IRS Adds New Issues to LB&I’s Campaign Audit Strategy
LB&I has
announced the approval of five additional compliance campaigns. The additions are as follows:
- Former Code Section 199. This campaign addresses all business entities that may file a claim for additional Domestic Production Activity Deductions under former Section 199 for tax years beginning after Dec. 31, 2017. The campaign objective is to ensure taxpayer compliance with the requirements of former Section 199 (which was repealed by the TCJA) through a claim risk review assessment and issue-based examinations of claims with the greatest compliance risk.
- Syndicated conservation easement transactions. In Notice 2017-10, 2017-4 IRB 544, the IRS designated specific syndicated conservation easement transactions as listed transactions, requiring disclosure statements by both investors and material advisers. This campaign is intended to encourage taxpayer compliance and ensure consistent treatment of similarly situated taxpayers by ensuring the easement contributions meet the legal requirements for a deduction and the fair market values are accurate. The initial campaign will be based on issue-based examinations, but other approaches will be considered as the campaign progresses.
- Foreign base company sales income: manufacturing branch rules. The goal of this campaign is to identify and select for examination returns of U.S. shareholders of controlled foreign corporations (CFCs) that may have underreported subpart F income based on certain interpretations of the manufacturing branch rules. In general, foreign base company sales income (FBCSI) does not include income of a CFC derived in connection with the sale of personal property manufactured by such corporation. However, if a CFC manufactures property through a branch outside its country of incorporation, the manufacturing branch may be treated as a separate, wholly owned subsidiary of the CFC for purposes of computing the CFC’s FBCSI, which may result in a subpart F inclusion to the U.S. shareholders of the CFC. This campaign will be based on issue-based examinations.
- Form 1120F interest expense/home office expense. The goal of this campaign is to increase taxpayer compliance with the interest expense rules of Treasury Regulation Section 1.882-5 (which provides a formula to determine the interest expense of a foreign corporation that is allocable to its effectively connected income) and the home office expense allocation rules of Treasury Regulation Section 1.861-8 (which governs the amount of home office expense deductions allocated to effectively connected income). The campaign includes the identification of aggressive positions in these areas, such as the use of apportionment factors that may not attribute the proper amount of expenses to the calculation of effectively connected income. This campaign will be based on issue-based examinations.
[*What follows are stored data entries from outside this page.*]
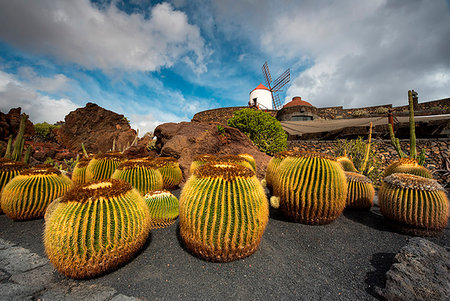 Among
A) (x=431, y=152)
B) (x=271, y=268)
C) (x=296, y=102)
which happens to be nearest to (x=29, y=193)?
(x=271, y=268)

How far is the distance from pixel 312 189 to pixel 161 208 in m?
2.49

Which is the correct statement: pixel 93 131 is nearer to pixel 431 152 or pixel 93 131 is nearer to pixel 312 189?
pixel 312 189

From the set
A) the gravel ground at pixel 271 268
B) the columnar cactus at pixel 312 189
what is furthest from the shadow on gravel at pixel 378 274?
the columnar cactus at pixel 312 189

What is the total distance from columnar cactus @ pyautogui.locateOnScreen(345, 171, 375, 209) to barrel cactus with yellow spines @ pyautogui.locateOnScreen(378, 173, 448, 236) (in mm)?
805

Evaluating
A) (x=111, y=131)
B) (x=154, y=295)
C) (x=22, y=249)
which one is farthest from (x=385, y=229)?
(x=111, y=131)

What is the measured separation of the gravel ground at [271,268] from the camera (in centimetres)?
191

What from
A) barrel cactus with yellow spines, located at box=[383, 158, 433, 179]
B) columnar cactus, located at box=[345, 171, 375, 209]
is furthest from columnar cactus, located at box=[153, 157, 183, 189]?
barrel cactus with yellow spines, located at box=[383, 158, 433, 179]

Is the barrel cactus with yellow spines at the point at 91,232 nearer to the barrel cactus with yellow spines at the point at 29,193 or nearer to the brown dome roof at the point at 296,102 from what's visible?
the barrel cactus with yellow spines at the point at 29,193

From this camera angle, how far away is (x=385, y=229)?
3.36 metres

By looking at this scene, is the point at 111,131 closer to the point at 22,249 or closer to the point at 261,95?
the point at 22,249

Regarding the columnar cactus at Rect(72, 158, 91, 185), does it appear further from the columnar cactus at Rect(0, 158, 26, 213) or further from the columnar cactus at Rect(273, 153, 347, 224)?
the columnar cactus at Rect(273, 153, 347, 224)

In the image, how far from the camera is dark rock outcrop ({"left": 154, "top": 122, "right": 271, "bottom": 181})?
688 cm

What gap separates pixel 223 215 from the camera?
6.98ft

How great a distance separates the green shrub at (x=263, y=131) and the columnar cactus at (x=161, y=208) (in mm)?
6538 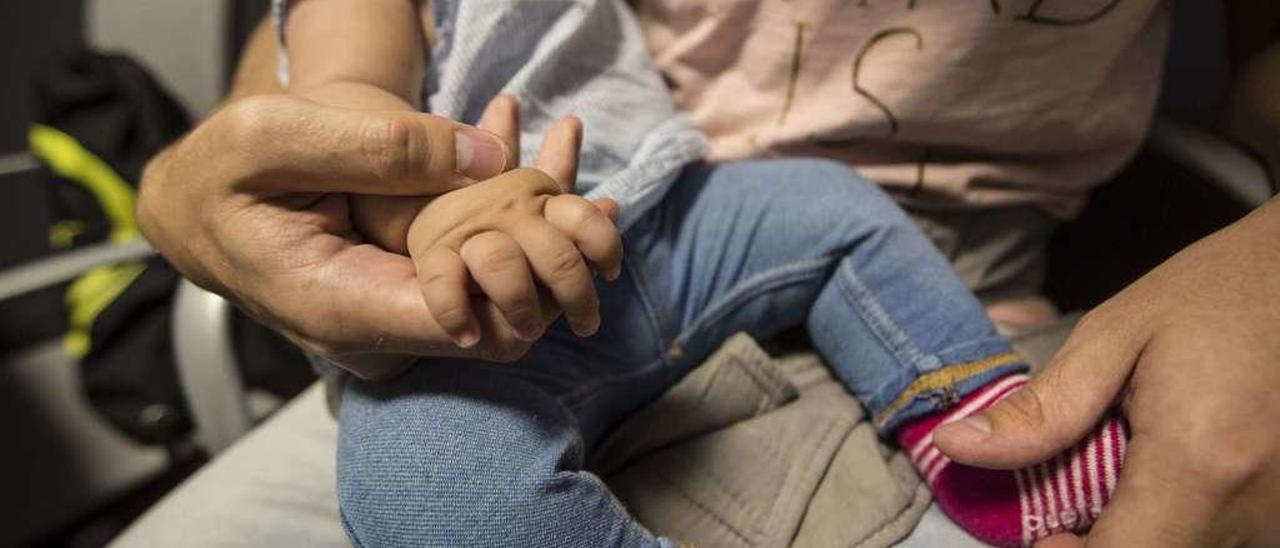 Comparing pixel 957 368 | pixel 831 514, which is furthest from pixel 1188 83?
pixel 831 514

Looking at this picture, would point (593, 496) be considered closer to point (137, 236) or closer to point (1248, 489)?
point (1248, 489)

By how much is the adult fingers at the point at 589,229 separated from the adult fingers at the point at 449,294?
0.14ft

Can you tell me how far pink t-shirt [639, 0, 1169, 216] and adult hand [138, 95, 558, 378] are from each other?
224mm

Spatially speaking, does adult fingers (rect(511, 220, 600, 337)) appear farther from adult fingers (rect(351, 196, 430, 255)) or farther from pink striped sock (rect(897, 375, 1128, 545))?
pink striped sock (rect(897, 375, 1128, 545))

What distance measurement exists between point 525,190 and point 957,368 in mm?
259

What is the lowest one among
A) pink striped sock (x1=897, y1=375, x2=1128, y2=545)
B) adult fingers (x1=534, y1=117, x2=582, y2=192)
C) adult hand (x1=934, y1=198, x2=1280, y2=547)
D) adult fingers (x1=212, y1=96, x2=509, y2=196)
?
pink striped sock (x1=897, y1=375, x2=1128, y2=545)

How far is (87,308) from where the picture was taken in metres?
0.90

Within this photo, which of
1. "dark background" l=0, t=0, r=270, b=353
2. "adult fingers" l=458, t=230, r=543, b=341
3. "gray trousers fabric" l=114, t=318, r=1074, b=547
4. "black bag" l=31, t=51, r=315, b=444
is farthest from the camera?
"dark background" l=0, t=0, r=270, b=353

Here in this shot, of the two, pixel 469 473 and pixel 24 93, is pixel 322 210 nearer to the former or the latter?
pixel 469 473

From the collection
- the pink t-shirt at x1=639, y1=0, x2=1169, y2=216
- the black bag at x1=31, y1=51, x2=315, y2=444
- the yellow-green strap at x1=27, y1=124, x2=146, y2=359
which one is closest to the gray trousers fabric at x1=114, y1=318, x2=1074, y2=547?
the pink t-shirt at x1=639, y1=0, x2=1169, y2=216

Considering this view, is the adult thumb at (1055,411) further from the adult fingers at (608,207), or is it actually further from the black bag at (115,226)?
the black bag at (115,226)

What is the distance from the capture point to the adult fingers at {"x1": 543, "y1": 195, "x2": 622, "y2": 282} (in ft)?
1.11

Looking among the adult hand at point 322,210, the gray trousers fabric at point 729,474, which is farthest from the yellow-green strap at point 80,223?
the adult hand at point 322,210

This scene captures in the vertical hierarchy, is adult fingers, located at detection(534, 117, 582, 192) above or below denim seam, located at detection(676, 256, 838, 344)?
above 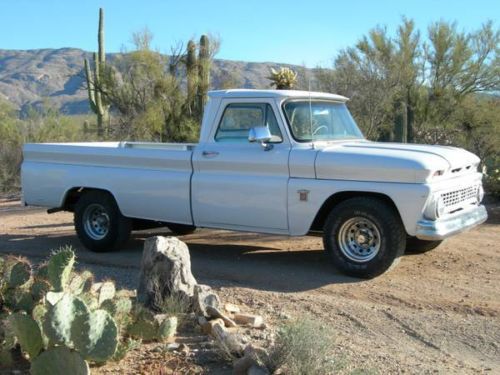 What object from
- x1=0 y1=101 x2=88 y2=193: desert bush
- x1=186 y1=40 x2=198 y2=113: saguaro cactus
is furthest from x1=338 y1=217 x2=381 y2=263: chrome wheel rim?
x1=186 y1=40 x2=198 y2=113: saguaro cactus

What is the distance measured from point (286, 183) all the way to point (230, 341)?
Result: 309cm

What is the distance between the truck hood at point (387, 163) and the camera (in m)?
7.20

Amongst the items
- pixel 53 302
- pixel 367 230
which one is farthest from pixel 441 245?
pixel 53 302

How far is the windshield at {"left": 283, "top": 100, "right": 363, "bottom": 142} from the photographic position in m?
8.15

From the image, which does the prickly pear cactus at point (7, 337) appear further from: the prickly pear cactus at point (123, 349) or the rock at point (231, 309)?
the rock at point (231, 309)

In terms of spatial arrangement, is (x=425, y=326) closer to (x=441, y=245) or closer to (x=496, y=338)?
(x=496, y=338)

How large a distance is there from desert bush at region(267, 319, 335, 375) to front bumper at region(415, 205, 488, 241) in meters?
2.75

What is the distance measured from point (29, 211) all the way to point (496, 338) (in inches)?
428

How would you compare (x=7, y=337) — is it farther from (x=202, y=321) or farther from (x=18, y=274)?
(x=202, y=321)

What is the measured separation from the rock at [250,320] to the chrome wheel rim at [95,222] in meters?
3.96

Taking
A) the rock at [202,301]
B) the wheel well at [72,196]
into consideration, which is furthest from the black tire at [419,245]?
the wheel well at [72,196]

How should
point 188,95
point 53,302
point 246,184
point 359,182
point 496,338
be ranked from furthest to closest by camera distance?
point 188,95 → point 246,184 → point 359,182 → point 496,338 → point 53,302

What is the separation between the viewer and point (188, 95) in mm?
22562

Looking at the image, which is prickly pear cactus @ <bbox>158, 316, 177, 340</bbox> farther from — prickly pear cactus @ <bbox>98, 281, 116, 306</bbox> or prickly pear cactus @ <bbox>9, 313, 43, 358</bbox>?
prickly pear cactus @ <bbox>9, 313, 43, 358</bbox> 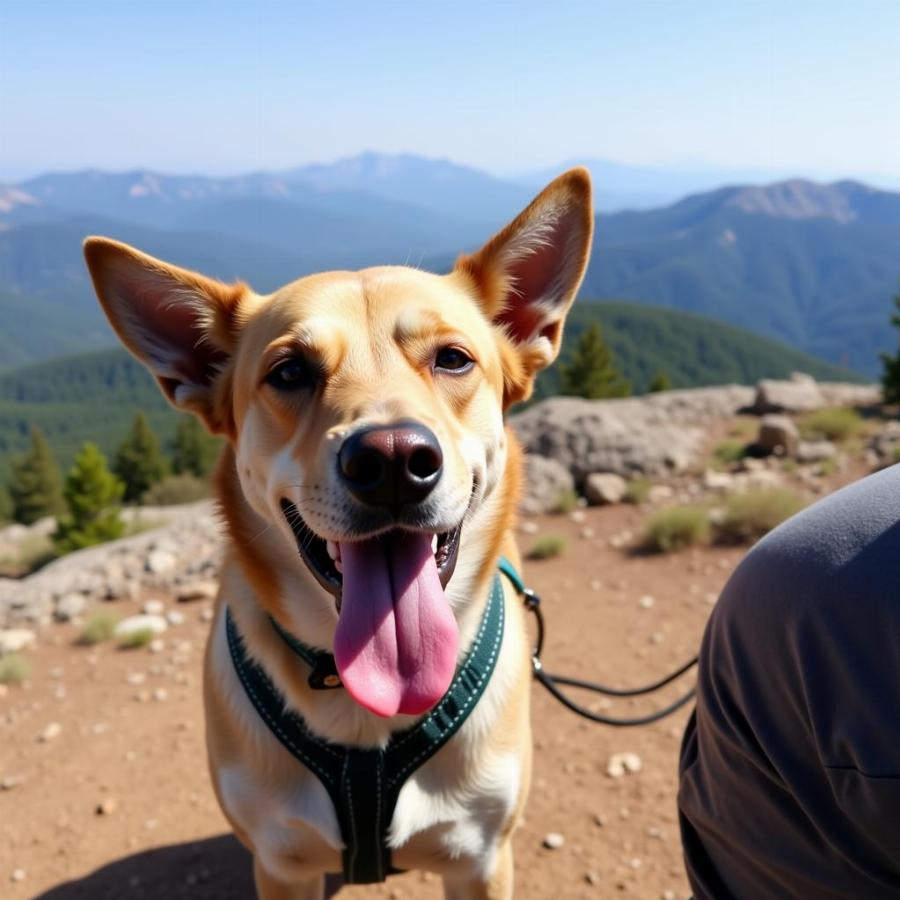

- Individuals employed by foreign governments and international organizations. Foreign embassies, foreign consular offices and international organizations operating in the U.S. are not required to withhold federal income and Social Security taxes from their employees’ compensation, nor are they required to file information reports with the IRS. This lack of withholding and reporting results in unreported income, erroneous deductions and credits, and failure to pay income and Social Security taxes. This campaign will focus on outreach and education by partnering with the Department of State’s Office of Foreign Missions to inform employees of foreign embassies, consular offices and international organizations. The IRS will also address noncompliance in this area by issuing soft letters and conducting examinations.
Information contained in this publication should not be construed as legal advice or opinion or as a substitute for the advice of counsel. The articles by these authors may have first appeared in other publications. The content provided is for educational and informational purposes for the use of clients and others who may be interested in the subject matter. We recommend that readers seek specific advice from counsel about particular matters of interest.